G/W Tokens or W/U Humans:

−2 Garruk, Primal Hunter

−1 Thrun, the Last Troll

+1 Slagstorm

+2 Acidic Slime

These two decks get lumped together because they basically do the same thing: Play a bunch of guys, then disrupt the opponent with either counterspells, planeswalkers, or Oblivion Rings. The slow cards are taken out for the mass removal and the Acidic Slimes. The Slimes are more important against the W/U Human deck because a Geist of Saint Traft with an Angelic Destiny on it is something that Wolf Run can’t beat. The Beast Withins may be better than Acidic Slime against G/W Tokens if the player runs a lot of planeswalkers. If you see Gideon Jura against either deck, you should probably side in the Beast Withins.

Illusions:

−2 Garruk, Primal Hunter

−1 Acidic Slime

+1 Slagstorm

+2 Beast Within

This matchup plays out much like the G/W Token or W/U Human deck, but the Acidic Slimes are not as good. It’s okay to leave one Slime in to tutor for if you need to kill a Moorland Haunt, but the Beast Withins are better because they kill Illusions without giving your opponent a 3/3 Beast.

Tempered Steel:

−2 Garruk, Primal Hunter

−1 Devil's Play

−1 Thrun, the Last Troll

+2 Ancient Grudge

+1 Slagstorm

+1 Viridian Corrupter

This matchup can go either way, and it’s very important to mulligan aggressively to insure your opening hand has either multiple Galvanic Blasts or a Slagstorm. The card that is the most problematic is Glint Hawk Idol because it can’t be killed by Slagstorm. If the opponent resolves a Tempered Steel and has multiple Glint Hawk Idols in play, you will probably lose, so it’s important to save removal for the Idol when possible.

Mirror:

−3 Galvanic Blast

−3 Slagstorm

−1 Thrun, the Last Troll

+2 Acidic Slime

+2 Beast Within

+1 Karn Liberated

+2 Sword of Feast and Famine

As I’ve said earlier, it’s important to keep your mirror-match opponent from playing his sixth mana source.
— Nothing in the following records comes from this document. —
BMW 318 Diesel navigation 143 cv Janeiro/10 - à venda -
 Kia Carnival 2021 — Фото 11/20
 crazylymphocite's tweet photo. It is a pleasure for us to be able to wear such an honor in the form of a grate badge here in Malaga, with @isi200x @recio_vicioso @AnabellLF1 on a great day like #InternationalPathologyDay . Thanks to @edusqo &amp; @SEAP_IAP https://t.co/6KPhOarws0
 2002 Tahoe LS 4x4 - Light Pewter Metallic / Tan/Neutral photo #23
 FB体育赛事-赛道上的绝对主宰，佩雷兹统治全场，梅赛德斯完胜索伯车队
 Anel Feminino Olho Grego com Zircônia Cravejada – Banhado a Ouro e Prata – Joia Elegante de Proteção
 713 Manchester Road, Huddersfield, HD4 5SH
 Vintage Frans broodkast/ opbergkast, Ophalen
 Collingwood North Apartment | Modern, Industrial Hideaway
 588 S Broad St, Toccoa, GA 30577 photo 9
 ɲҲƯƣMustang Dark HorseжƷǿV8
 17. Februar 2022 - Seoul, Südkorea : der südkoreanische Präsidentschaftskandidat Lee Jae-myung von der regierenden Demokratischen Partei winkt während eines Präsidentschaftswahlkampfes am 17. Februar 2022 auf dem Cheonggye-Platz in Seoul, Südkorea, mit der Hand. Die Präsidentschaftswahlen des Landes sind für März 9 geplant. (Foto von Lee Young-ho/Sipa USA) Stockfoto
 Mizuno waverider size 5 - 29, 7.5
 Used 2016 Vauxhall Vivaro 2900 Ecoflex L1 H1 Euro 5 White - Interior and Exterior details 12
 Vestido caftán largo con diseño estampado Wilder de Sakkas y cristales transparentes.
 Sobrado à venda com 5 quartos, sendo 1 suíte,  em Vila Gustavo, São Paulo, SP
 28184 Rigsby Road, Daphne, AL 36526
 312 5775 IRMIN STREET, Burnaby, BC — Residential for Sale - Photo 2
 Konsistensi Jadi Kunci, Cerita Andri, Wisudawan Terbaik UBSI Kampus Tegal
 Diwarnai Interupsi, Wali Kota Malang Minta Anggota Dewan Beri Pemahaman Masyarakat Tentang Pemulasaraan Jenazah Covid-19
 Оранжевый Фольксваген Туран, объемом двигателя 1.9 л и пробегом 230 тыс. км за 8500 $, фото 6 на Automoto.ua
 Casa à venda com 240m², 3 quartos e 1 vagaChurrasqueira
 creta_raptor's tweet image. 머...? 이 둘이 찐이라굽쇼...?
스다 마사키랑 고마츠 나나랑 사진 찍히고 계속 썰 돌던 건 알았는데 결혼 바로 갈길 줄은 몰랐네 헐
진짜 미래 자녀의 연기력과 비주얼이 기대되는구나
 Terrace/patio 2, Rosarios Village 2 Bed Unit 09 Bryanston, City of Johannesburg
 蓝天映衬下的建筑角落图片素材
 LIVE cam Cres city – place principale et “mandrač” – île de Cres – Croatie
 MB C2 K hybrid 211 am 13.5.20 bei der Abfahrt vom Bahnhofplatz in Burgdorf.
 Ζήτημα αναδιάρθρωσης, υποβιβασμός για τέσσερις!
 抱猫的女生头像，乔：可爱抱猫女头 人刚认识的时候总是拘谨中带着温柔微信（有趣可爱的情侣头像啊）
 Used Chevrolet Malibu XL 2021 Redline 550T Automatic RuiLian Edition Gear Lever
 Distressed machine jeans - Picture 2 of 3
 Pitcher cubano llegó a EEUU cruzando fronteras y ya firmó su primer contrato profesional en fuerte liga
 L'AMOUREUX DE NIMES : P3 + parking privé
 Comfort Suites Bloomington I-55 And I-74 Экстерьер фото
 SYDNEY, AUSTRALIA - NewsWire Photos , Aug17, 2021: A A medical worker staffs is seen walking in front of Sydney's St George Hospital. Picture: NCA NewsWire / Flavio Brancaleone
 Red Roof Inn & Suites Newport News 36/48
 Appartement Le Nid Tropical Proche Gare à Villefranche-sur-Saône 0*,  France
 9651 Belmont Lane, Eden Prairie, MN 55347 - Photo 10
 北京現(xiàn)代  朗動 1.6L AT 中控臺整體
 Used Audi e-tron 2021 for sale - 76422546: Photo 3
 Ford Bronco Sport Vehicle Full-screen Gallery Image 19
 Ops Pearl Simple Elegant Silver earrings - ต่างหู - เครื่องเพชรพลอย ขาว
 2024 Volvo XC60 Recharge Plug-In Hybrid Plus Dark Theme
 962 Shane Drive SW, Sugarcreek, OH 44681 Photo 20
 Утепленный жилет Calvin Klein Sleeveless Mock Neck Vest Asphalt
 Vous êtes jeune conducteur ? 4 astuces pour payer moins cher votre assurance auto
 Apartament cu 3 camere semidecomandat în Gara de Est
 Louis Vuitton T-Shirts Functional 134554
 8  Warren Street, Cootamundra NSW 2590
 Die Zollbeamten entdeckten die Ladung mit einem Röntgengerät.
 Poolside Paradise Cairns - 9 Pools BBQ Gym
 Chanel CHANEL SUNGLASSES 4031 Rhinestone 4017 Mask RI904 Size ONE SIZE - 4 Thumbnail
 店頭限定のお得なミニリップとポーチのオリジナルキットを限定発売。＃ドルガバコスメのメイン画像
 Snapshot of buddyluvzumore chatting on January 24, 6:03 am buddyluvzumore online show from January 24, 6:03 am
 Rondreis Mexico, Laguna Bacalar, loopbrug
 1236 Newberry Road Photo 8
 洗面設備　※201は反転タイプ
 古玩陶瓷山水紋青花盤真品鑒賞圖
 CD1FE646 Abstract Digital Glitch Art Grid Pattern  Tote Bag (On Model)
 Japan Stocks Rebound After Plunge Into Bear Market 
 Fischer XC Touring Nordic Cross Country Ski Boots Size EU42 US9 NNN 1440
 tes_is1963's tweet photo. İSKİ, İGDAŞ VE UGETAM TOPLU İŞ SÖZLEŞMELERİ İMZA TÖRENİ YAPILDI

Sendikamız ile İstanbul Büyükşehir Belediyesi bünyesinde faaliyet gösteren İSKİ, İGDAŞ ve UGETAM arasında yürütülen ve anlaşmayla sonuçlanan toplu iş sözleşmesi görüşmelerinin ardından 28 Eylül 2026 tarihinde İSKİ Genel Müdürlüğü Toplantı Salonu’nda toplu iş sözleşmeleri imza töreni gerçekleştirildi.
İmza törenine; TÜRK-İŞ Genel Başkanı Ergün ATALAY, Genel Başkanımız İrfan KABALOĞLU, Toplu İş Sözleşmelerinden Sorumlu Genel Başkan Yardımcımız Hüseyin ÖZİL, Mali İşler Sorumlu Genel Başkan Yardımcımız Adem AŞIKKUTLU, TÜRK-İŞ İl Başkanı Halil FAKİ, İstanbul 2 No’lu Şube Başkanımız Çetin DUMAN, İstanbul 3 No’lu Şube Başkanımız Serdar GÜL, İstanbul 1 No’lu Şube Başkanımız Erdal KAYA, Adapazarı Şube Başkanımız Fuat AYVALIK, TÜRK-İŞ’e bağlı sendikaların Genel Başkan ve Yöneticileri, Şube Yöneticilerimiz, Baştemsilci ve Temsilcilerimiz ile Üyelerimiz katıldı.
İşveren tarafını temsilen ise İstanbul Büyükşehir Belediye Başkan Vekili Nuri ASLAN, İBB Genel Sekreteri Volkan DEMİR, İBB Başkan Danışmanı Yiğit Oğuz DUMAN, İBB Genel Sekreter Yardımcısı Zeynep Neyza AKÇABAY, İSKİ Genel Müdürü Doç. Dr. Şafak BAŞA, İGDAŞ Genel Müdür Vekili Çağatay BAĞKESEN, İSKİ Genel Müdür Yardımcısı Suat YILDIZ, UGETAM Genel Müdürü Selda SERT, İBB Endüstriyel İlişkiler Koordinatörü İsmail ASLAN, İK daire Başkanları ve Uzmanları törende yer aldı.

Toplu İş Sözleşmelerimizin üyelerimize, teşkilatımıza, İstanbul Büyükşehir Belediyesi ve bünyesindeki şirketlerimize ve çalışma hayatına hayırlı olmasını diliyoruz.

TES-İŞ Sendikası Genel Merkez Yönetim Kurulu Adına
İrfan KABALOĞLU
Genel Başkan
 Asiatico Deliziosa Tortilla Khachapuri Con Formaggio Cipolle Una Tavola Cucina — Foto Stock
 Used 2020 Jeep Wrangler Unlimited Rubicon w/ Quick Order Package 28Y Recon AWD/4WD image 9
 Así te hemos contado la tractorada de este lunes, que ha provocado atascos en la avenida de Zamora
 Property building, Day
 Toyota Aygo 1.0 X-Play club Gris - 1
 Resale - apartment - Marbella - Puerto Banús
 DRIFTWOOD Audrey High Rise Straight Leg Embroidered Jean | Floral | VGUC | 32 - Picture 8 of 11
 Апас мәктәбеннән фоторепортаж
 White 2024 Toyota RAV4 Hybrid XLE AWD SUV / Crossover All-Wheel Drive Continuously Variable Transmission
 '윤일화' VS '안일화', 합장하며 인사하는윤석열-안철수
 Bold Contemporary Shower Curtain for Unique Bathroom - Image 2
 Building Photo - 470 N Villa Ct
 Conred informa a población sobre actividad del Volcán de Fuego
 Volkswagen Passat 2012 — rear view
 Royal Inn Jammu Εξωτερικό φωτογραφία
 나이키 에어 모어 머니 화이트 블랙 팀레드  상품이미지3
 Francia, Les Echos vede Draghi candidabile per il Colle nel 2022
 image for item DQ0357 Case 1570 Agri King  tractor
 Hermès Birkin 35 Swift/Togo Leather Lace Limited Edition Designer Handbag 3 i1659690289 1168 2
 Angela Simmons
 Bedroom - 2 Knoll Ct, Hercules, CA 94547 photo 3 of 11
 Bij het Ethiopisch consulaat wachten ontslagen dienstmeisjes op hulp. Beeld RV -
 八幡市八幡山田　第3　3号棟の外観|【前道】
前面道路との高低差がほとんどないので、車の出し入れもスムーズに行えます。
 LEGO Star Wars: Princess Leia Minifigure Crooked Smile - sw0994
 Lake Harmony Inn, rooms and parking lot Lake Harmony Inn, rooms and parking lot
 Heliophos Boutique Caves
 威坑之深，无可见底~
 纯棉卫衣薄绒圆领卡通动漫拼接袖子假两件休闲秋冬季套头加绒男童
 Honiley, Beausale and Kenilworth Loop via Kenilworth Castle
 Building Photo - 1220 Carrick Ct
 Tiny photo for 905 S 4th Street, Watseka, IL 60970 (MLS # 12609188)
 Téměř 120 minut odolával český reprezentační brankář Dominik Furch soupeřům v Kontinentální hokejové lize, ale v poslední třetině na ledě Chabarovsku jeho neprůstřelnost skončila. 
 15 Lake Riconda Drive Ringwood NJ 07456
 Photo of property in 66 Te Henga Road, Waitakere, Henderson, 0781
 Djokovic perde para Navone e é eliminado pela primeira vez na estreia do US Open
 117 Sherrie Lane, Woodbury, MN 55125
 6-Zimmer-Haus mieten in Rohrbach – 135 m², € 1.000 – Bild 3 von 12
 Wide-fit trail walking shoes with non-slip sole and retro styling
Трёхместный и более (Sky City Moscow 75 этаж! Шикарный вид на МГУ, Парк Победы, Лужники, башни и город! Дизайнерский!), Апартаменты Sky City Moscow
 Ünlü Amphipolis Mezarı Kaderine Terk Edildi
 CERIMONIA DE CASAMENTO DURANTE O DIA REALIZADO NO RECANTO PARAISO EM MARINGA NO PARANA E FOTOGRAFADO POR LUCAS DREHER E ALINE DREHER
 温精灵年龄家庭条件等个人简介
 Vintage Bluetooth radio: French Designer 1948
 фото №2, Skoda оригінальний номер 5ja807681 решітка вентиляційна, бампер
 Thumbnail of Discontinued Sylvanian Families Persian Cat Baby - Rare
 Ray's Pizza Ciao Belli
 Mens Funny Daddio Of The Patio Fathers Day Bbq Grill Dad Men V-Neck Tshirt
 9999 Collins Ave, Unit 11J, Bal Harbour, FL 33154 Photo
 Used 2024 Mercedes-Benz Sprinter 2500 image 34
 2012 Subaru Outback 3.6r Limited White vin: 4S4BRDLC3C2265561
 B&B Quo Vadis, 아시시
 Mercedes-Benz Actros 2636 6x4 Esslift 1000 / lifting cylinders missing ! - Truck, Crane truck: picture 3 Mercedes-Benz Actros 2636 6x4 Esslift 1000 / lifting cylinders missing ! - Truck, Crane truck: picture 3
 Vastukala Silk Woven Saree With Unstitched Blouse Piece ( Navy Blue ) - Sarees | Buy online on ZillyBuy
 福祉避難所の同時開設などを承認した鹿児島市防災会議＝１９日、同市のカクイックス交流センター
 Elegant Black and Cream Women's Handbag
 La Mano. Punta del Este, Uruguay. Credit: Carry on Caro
You should also be aggressively mulliganing into hands with either at least two ramp spells and a threat or a ramp spell, a land destruction spell, and a threat. It is very likely that the player who plays the first Titan will win the game.

 


That’s the rundown of all of the matchups that you are likely to see at any given tournament. That said, I do think that Wolf Run is still a good metagame choice because the deck just crushes beatdown decks, and its other matchups are very winnable. Sometimes, you will just play a turn-four Titan, and your opponent will have no answer.

I hope this article has inspired you to try out Wolf Run Ramp at your next tournament. Good luck, and I hope you play a lot of Titans on turn four!